Keynesian Economics essays John Maynard Keynes is uncertainly one the most important figures in the history of modern economics. The son of the Cambridge economist and logician John Neville Keynes, John Maynard Keynes was born in Cambridge, England on June 5, 1883. Keynes was educated in Britains most elite institutions, Eton and then King's College Cambridge. In 1906, he entered the British civil service for a little while and worked in the Indian Treasury as a junior clerk. However, unsatisfied with the work he returned in 1908 to teach economics in Cambridge. In India he learned the demands of government service. In 1911 he became the editor of the Economic Journal, a position he would hold almost until the end of his life. During this time Keynes wrote his first economic book first book on Indian currency which was directly related to his experience at the India office. From 1914 to 1918, Keynes was called to the UK Treasury to aid with the financing of the British war economy. He excelled at his job and the authority he gained earned him a position with the British delegation to the Versailles Peace Conference in 1918. Keynes was dismayed at the unfair nature of the peace settlement, and was particularly opposed to the overwhelming consequences of the heavy "reparations" payments forced on Germany.
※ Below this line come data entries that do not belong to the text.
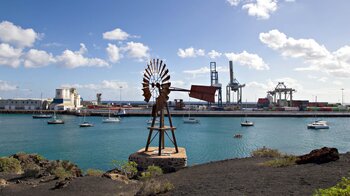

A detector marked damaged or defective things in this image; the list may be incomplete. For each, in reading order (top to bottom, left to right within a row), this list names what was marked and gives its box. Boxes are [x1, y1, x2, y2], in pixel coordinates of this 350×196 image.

rusty metal surface [189, 85, 216, 102]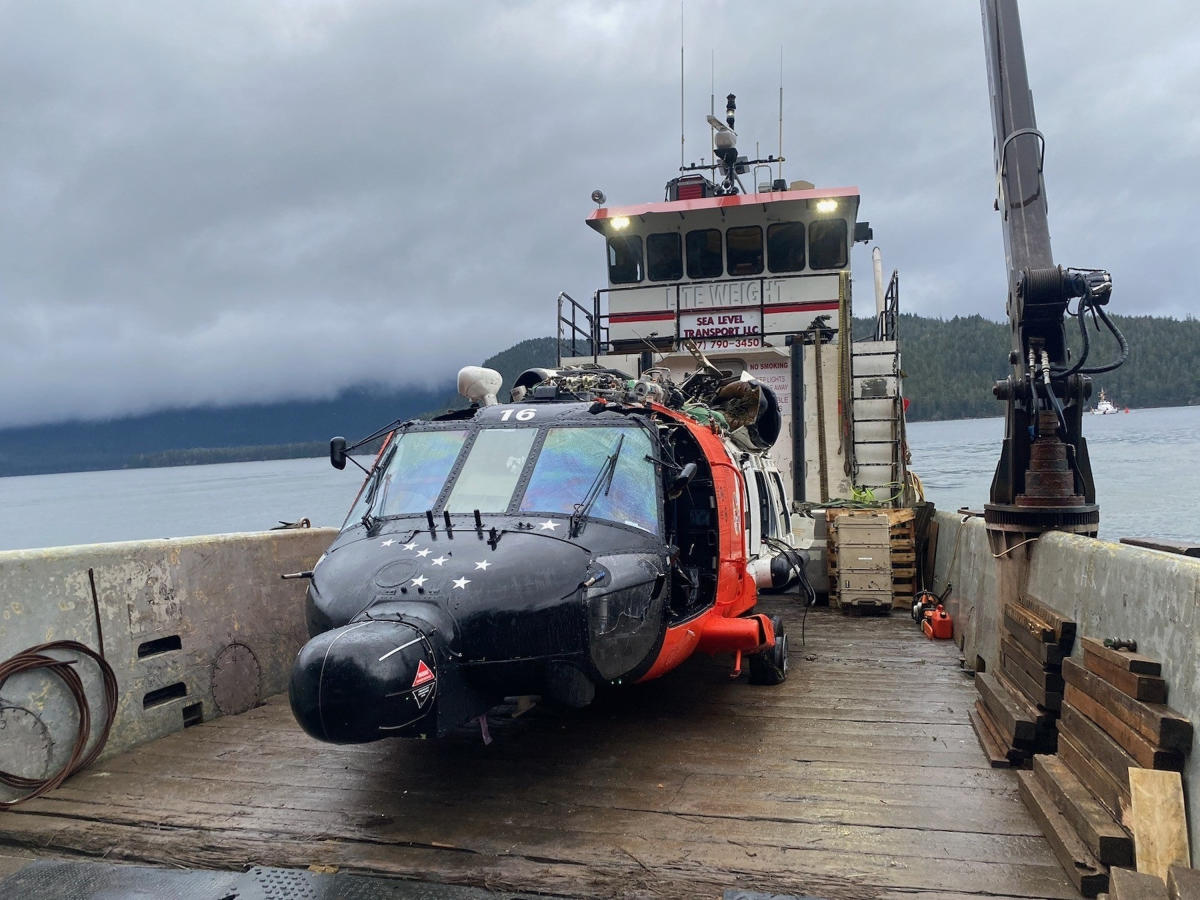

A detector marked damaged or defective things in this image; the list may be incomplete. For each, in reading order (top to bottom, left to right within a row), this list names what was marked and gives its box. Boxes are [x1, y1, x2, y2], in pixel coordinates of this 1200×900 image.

crashed helicopter [290, 358, 808, 744]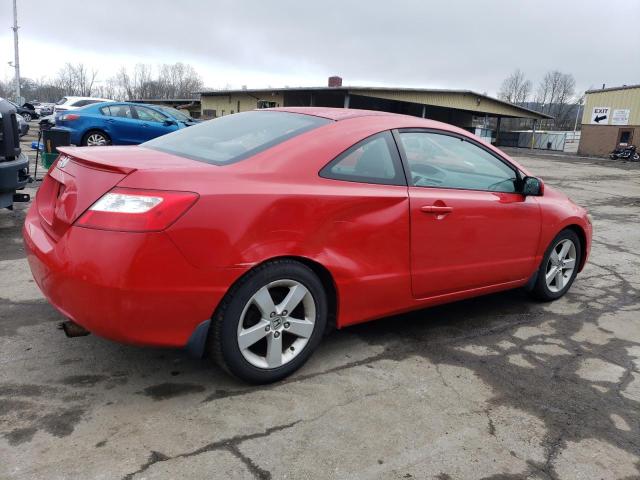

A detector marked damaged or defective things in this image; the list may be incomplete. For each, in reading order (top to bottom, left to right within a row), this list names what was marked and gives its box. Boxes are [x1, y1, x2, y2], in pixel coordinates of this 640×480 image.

cracked pavement [1, 148, 640, 478]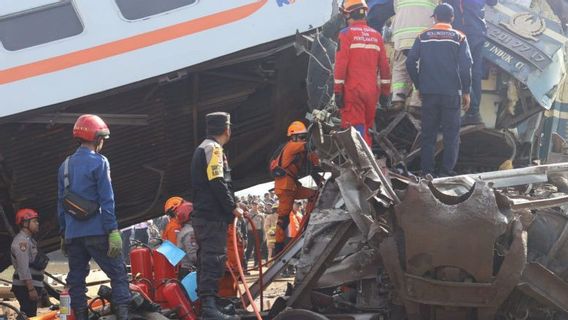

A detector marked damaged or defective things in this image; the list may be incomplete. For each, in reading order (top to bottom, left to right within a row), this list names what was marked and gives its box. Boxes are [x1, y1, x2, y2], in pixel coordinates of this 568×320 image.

In 1919 he resigned from the conference and in respond to the treaty he published his Economic Consequences of the Peace disapproving the Treaty of Versailles After returning to Cambridge in 1921, Keynes published his Treatise on Probability, where he took apart the classical theory of probability and started what now known as the "logical-relationist" theory of probability. Throughout the 1920s, Keynes remained active in public policy debates, guided mainly through his many articles in the Nation and Atheneum. He also wrote two famous pieces in condemnation of laissez-faire economic policy. In 1925 he married the R ...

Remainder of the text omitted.